A reserve list will also be up and running, if you have paid a deposit and genuinally cannot make it and a reserve person can take your place then I will return deposits, you can't say farer than that!!!

All requests for specific demos will be addressed on the day and hopefully I can include them.

Please show your interest in the forum if you wish to attend. Many thanks and hoping for a good day.

Steve

Booking List. I cap the day at 10 people, I don't believe you can offer a full hands on training course with numbers over this, unless you just run a demo based course.

Confirmed Places
1. snowz
2. Jay
3. 
4. 
5. 
6. 
7. 
8. 
9. 
10.

Reserve or no deposits received.
1. 
2.

Cheers looking forward to a great course.
:buffer:

Some pictures from August's course, a good day was had by all.
Claying the car.








A Very swirly bonnet.
















After a quick tickle of 3M Fast Cut on a Scholl Wool pad worked for about 2 minutes, then reloaded the pad then another 2 minutes.
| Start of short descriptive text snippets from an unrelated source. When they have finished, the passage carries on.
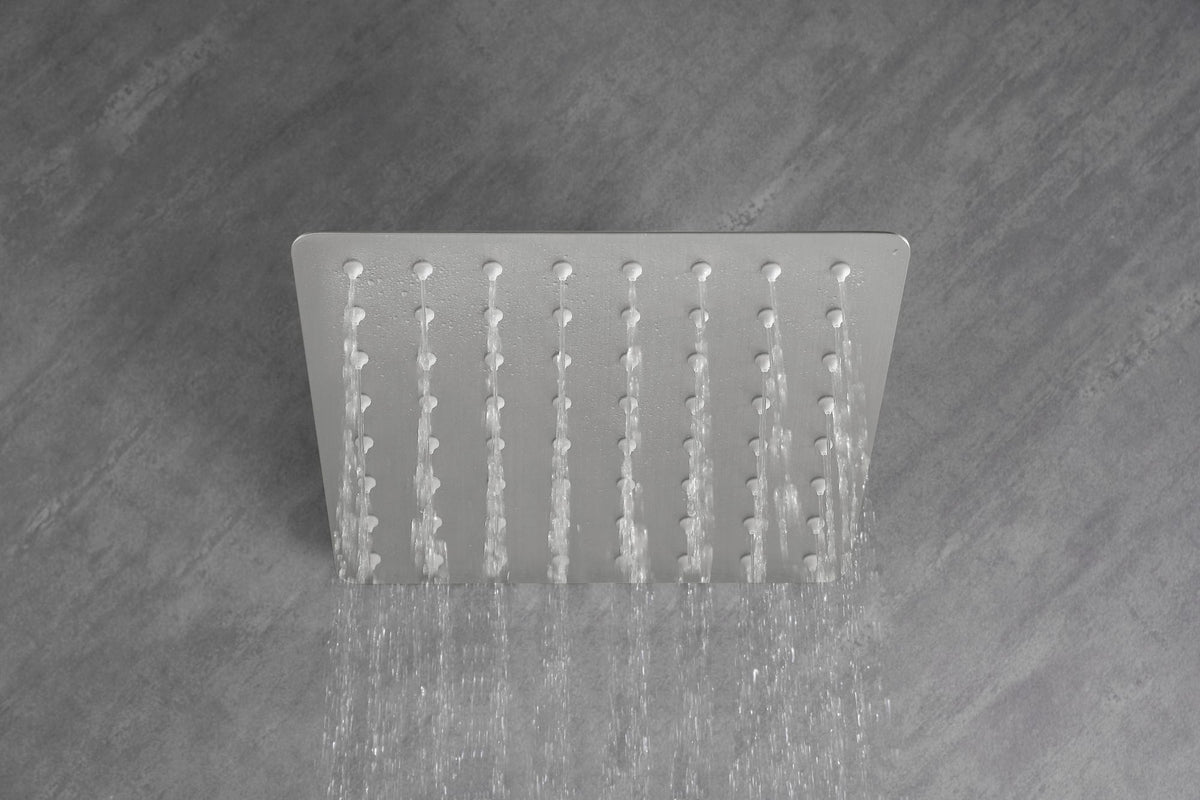 Rain Shower Head High Pressure Rainfall Showerhead Water Saving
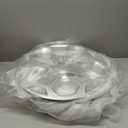 Wheel Hubcaps Compatible with Ford Fusion 2010 2011 2012 Wheel Covers; 17 inchSet of 4Packs (Silver)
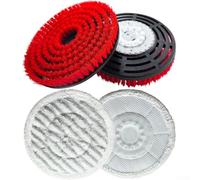 Replacement Brush Head and Scrub Pad for S7000 S7001 S7020 S7005 S8021 S8001 For Steam Mops Engineered for Heavy Duty Floor Cleaning Tasks (2)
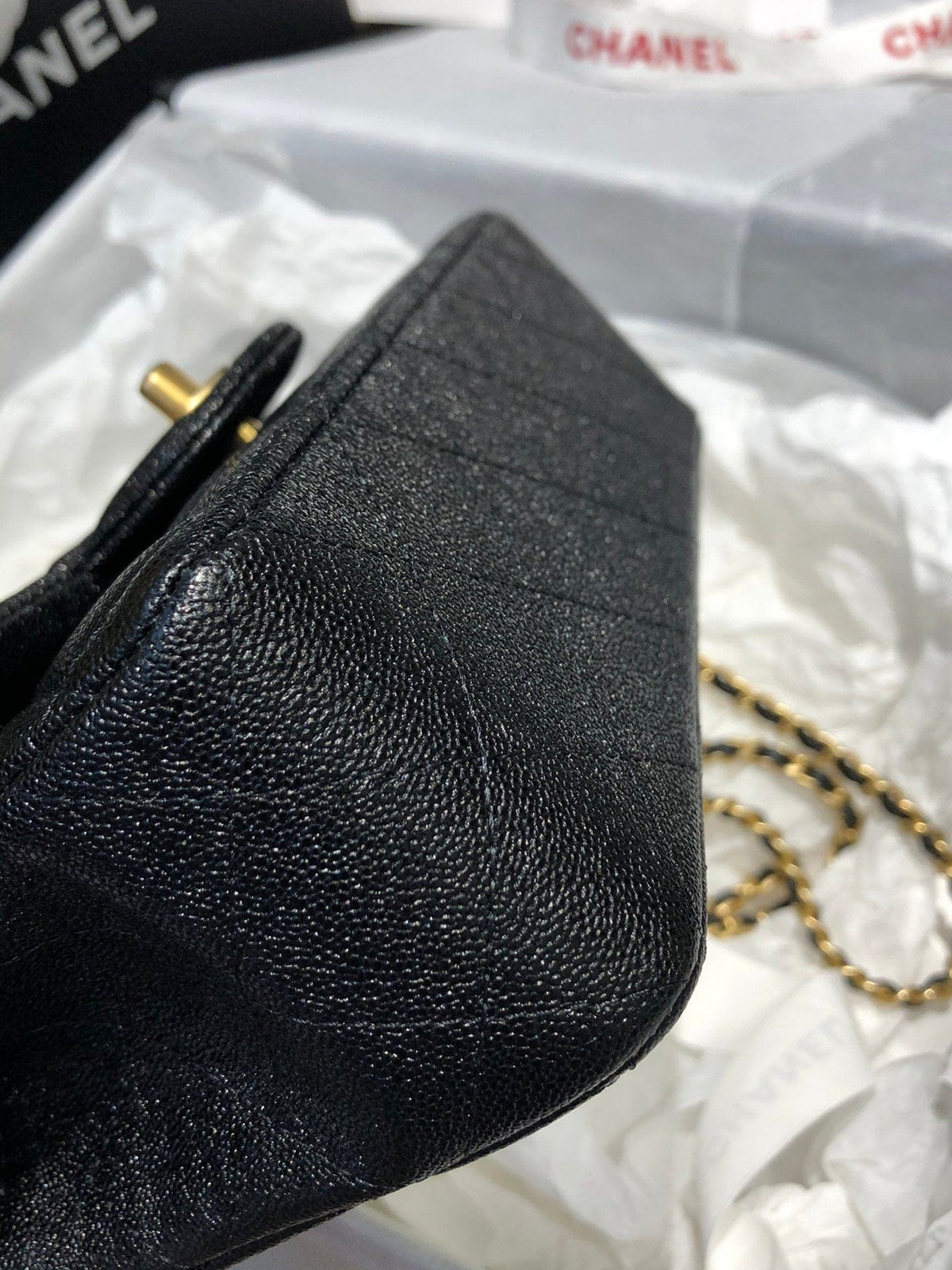 Chanel Classic Flap Bag 20cm Black - Handbag - view 2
There are slight wool pad marks but the polishing stage will see them off.








The concentration these guys have.
























The middle is the datum not polished bit, the left and right are after wool and Megs MF pads with Scholl S17.








And some wet sanding, at last!!!!
























Not bad for a training day!!!


----------



## snowz (Nov 14, 2012)

Put me down please, maybe +1 will confirm tonight


----------



## Mirror Finish Details (Aug 21, 2008)

snowz said:


> Put me down please, maybe +1 will confirm tonight


Ok dude.


----------



## khurum6392 (Oct 11, 2012)

*course*

hi steve put my name down please thanks


----------



## Mirror Finish Details (Aug 21, 2008)

khurum6392 said:


> hi steve put my name down please thanks


Will do.


----------



## Suasexed (Oct 25, 2005)

What's the postcode where this is being held? May be interested if I can get there okay! Cheers.


----------



## Mirror Finish Details (Aug 21, 2008)

Suasexed said:


> What's the postcode where this is being held? May be interested if I can get there okay! Cheers.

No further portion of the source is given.